◆ Exercise goal
What is needed is a verbatim copy of every record below, with the pictures left out.

◆ Material provided
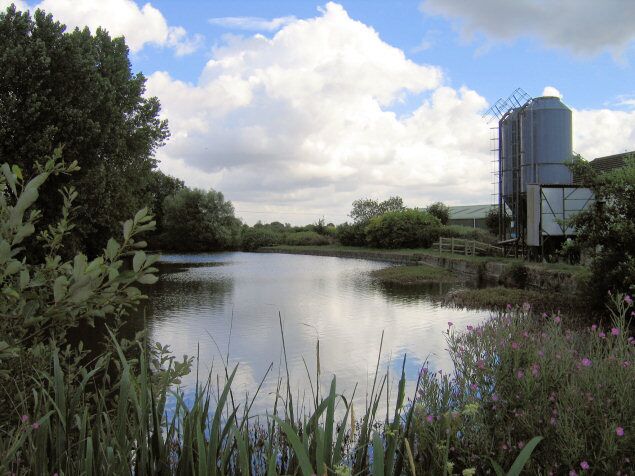 A calm river with a grain silo and surrounding greenery.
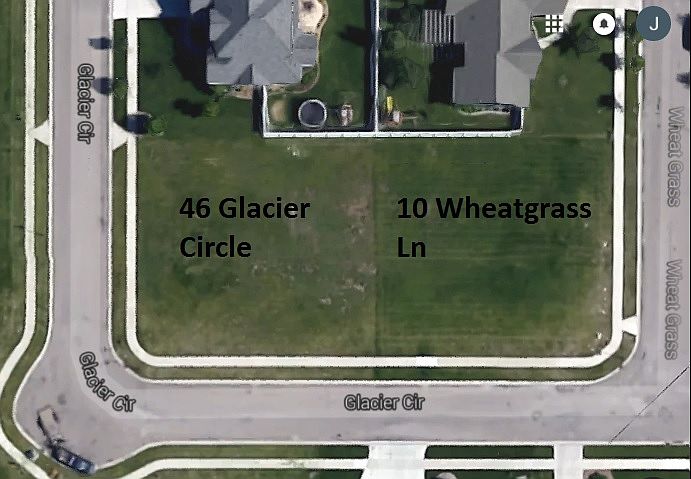 1st image of 10 Wheat Grass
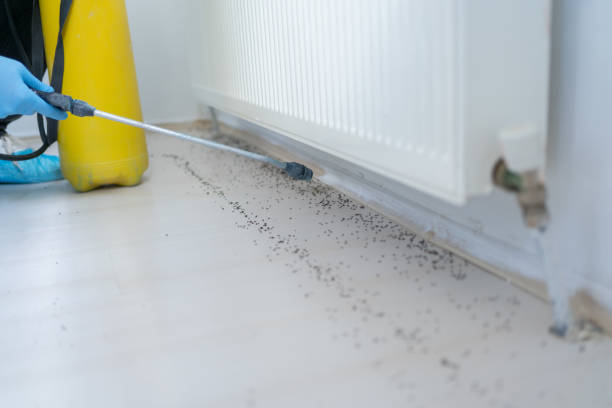 Best Bed Bug Extermination  in Fairport Harbor, OH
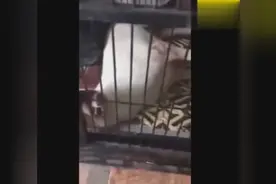 让你们看看狗得狂犬病的样子 太恐怖了！视频封面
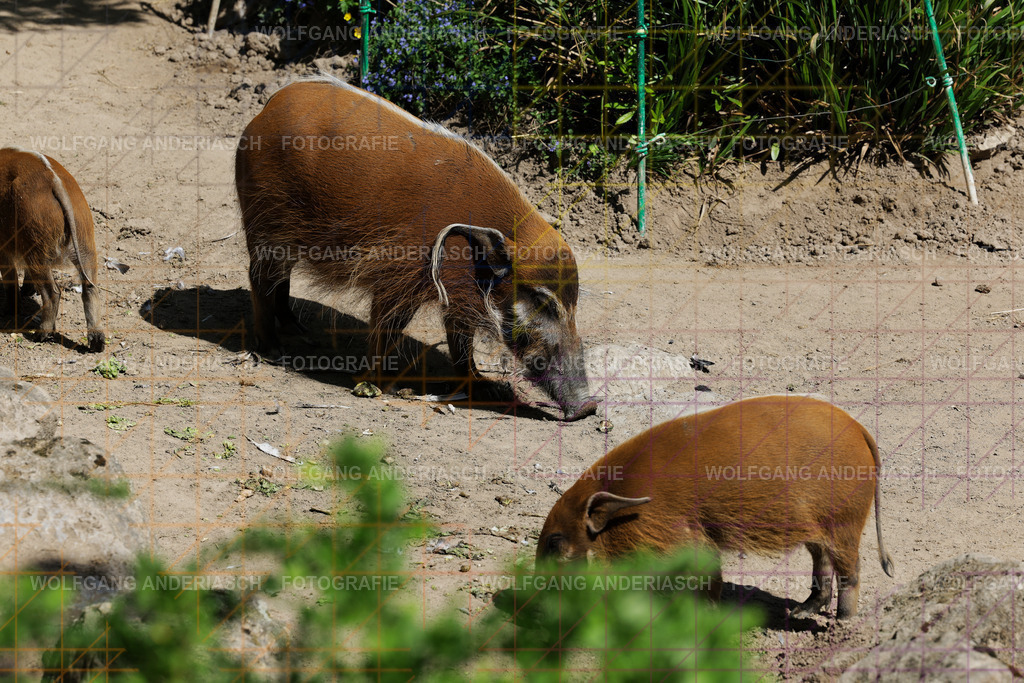 253L1072_wa | Ein stiller Moment im Opel Zoo: Der Blick des Tieres erzählt von Gelassenheit, Präsenz und Nähe. Ungestellt, ruhig und auf Augenhöhe fotografiert – ein Augenblick, der bleibt. - Realisiert mit Pictrs.com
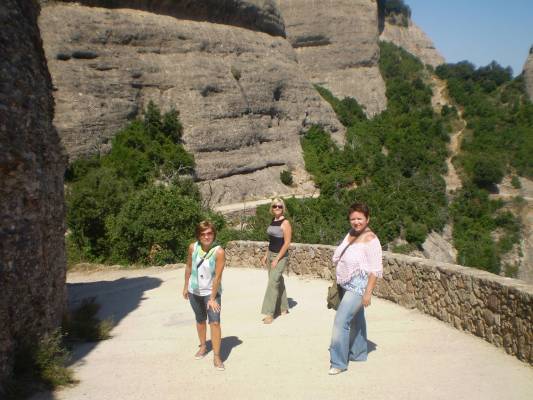 �������2008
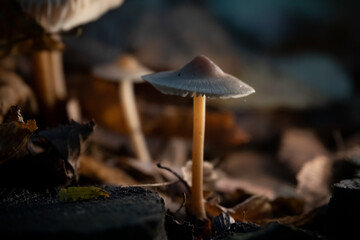 Mushroom macro photo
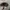 y2k Patrol Cap Leaf Pattern photo 4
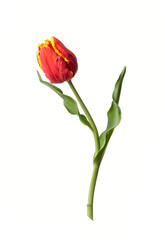 Red-orange tulip flower isolated on white background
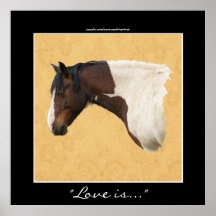 American Indian Painted Pony Horse-lover Print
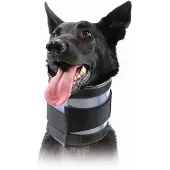 Kvp Bite Free Hundehalsband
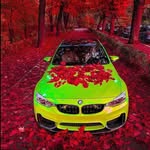 Raul Roland - @raul.roland.94617 - Instagram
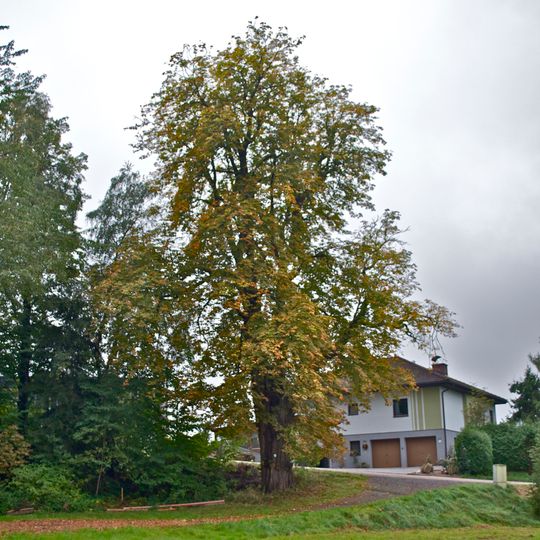 Rosskastanie von Eberschwang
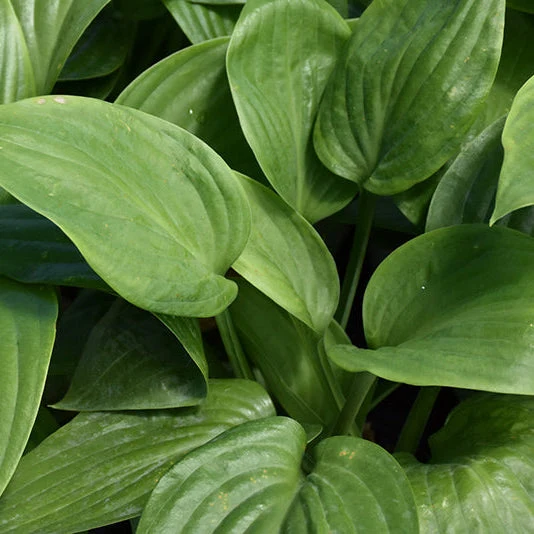 Hosta Plantain Lily Humpback Whale - 8" Potted Perennial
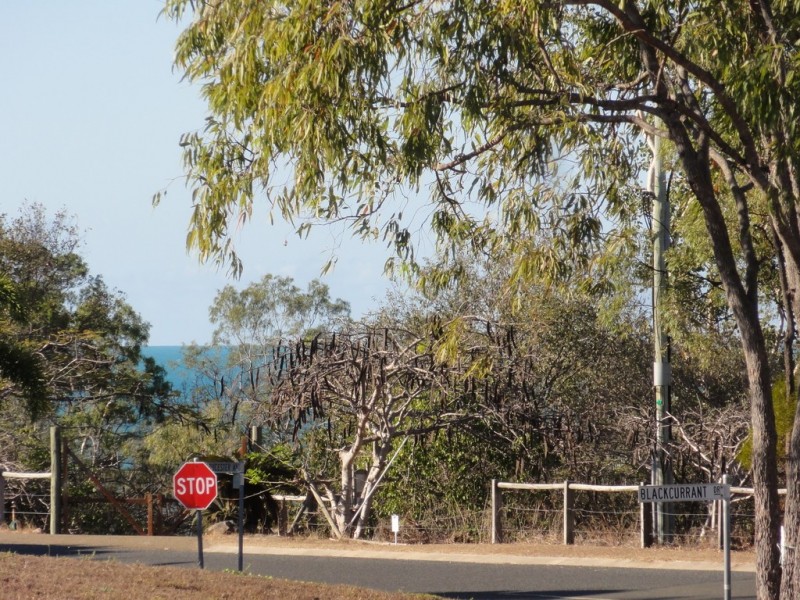 84 Blackcurrent Drive, Hideaway Bay QLD 4800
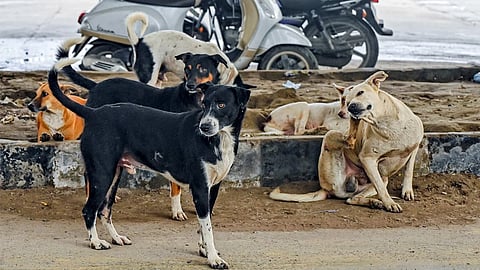Over 10 stray dogs attack teacher during survey in Hassan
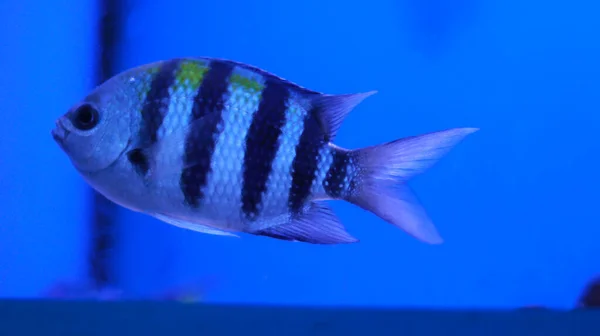 Süßwasseraquarium Schwarz Und Weiß Gestreifte Fische — Stockfoto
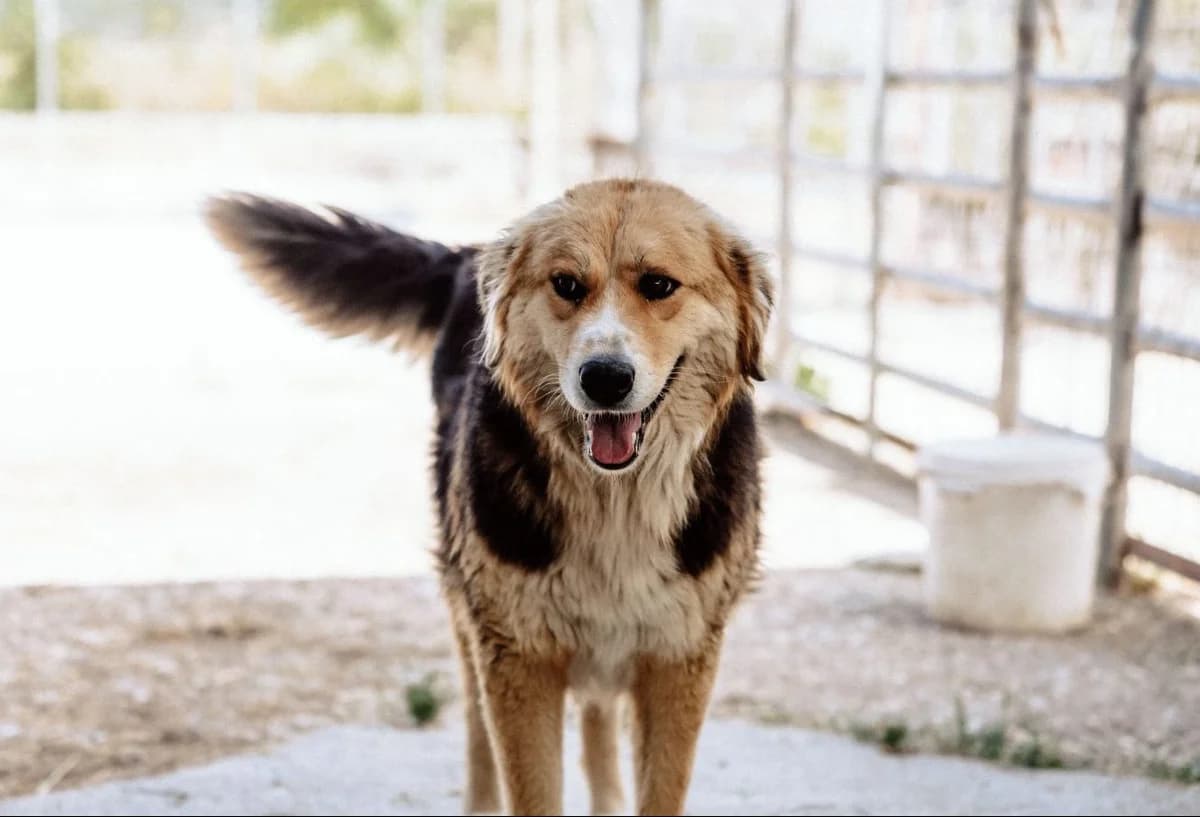 Stella, female Mixed Breed for adoption at Paradies für Tiere e.V.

◆ Expected answer
 A calm river with a grain silo and surrounding greenery.
 1st image of 10 Wheat Grass
 Best Bed Bug Extermination  in Fairport Harbor, OH
 让你们看看狗得狂犬病的样子 太恐怖了！视频封面
 253L1072_wa | Ein stiller Moment im Opel Zoo: Der Blick des Tieres erzählt von Gelassenheit, Präsenz und Nähe. Ungestellt, ruhig und auf Augenhöhe fotografiert – ein Augenblick, der bleibt. - Realisiert mit Pictrs.com
 �������2008
 Mushroom macro photo
 y2k Patrol Cap Leaf Pattern photo 4
 Red-orange tulip flower isolated on white background
 American Indian Painted Pony Horse-lover Print
 Kvp Bite Free Hundehalsband
 Raul Roland - @raul.roland.94617 - Instagram
 Rosskastanie von Eberschwang
 Hosta Plantain Lily Humpback Whale - 8" Potted Perennial
 84 Blackcurrent Drive, Hideaway Bay QLD 4800
Over 10 stray dogs attack teacher during survey in Hassan
 Süßwasseraquarium Schwarz Und Weiß Gestreifte Fische — Stockfoto
 Stella, female Mixed Breed for adoption at Paradies für Tiere e.V.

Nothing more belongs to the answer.